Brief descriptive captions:
↓

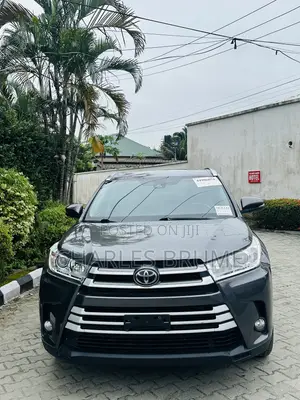 Toyota Highlander LE 4x4 V6 (3.5L 6cyl 8A) 2017 Gray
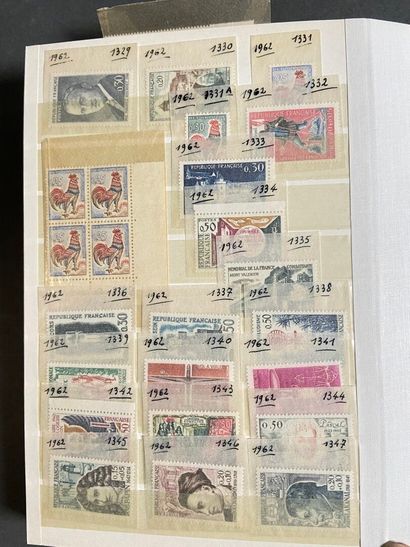France Classique + SM: Set of classic stamps...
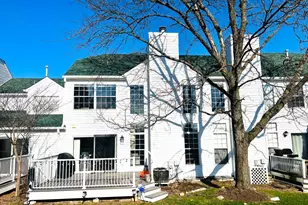 106 Pembroke Circle S, Lake Bluff, IL 60044 - Photo 41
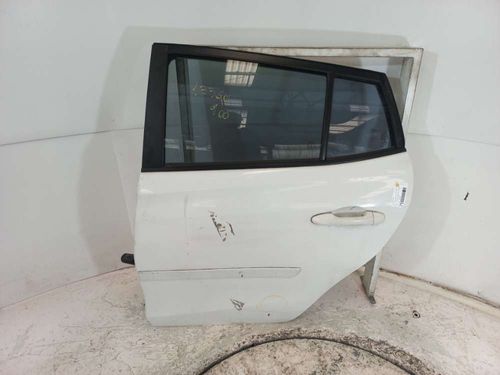 PORTA TRASEIRA ESQ TOYOTA YARIS 1.3 2019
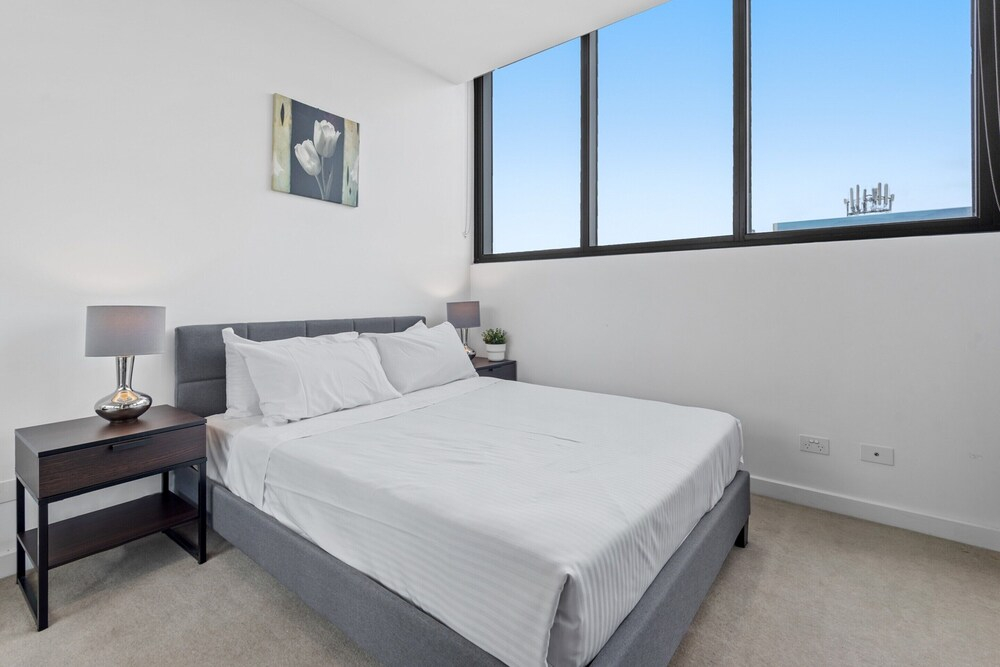 Spacious 2-bed Apartment in Hughesdale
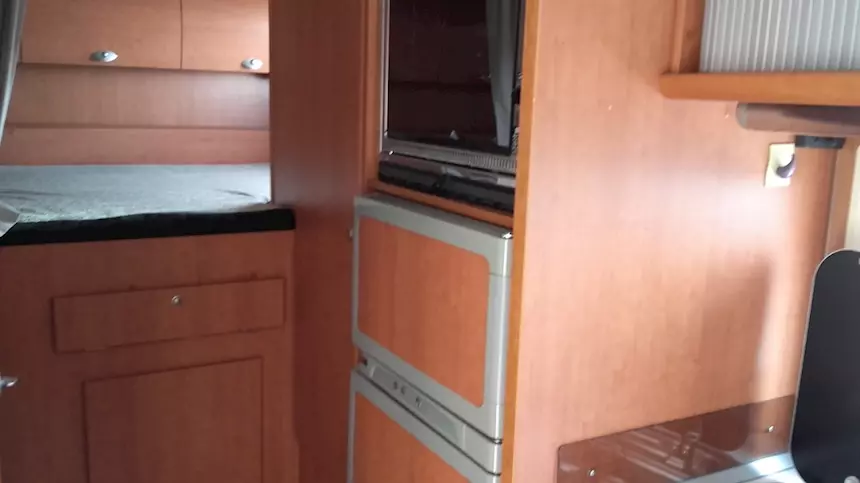 Camper Benimar 7000 CCX Fiat 2.8 Garage Anno 2005 Km 104489, modello Europe - Foto 8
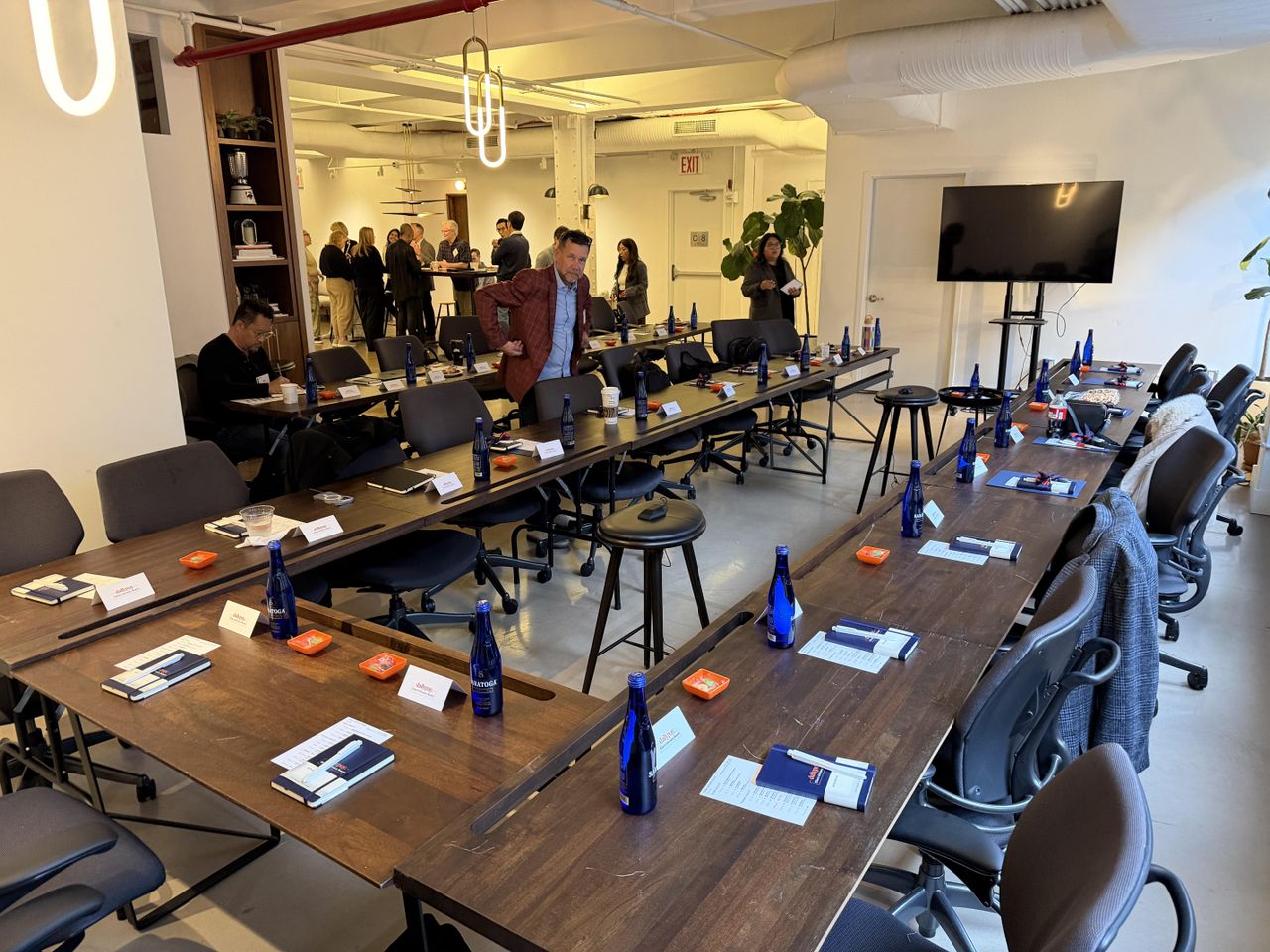 Rest van de wereld Creative Meeting  Blender Workspace image 38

↑

The response should repeat each record precisely and contain no pictures.

 Toyota Highlander LE 4x4 V6 (3.5L 6cyl 8A) 2017 Gray
France Classique + SM: Set of classic stamps...
 106 Pembroke Circle S, Lake Bluff, IL 60044 - Photo 41
 PORTA TRASEIRA ESQ TOYOTA YARIS 1.3 2019
 Spacious 2-bed Apartment in Hughesdale
 Camper Benimar 7000 CCX Fiat 2.8 Garage Anno 2005 Km 104489, modello Europe - Foto 8
 Rest van de wereld Creative Meeting  Blender Workspace image 38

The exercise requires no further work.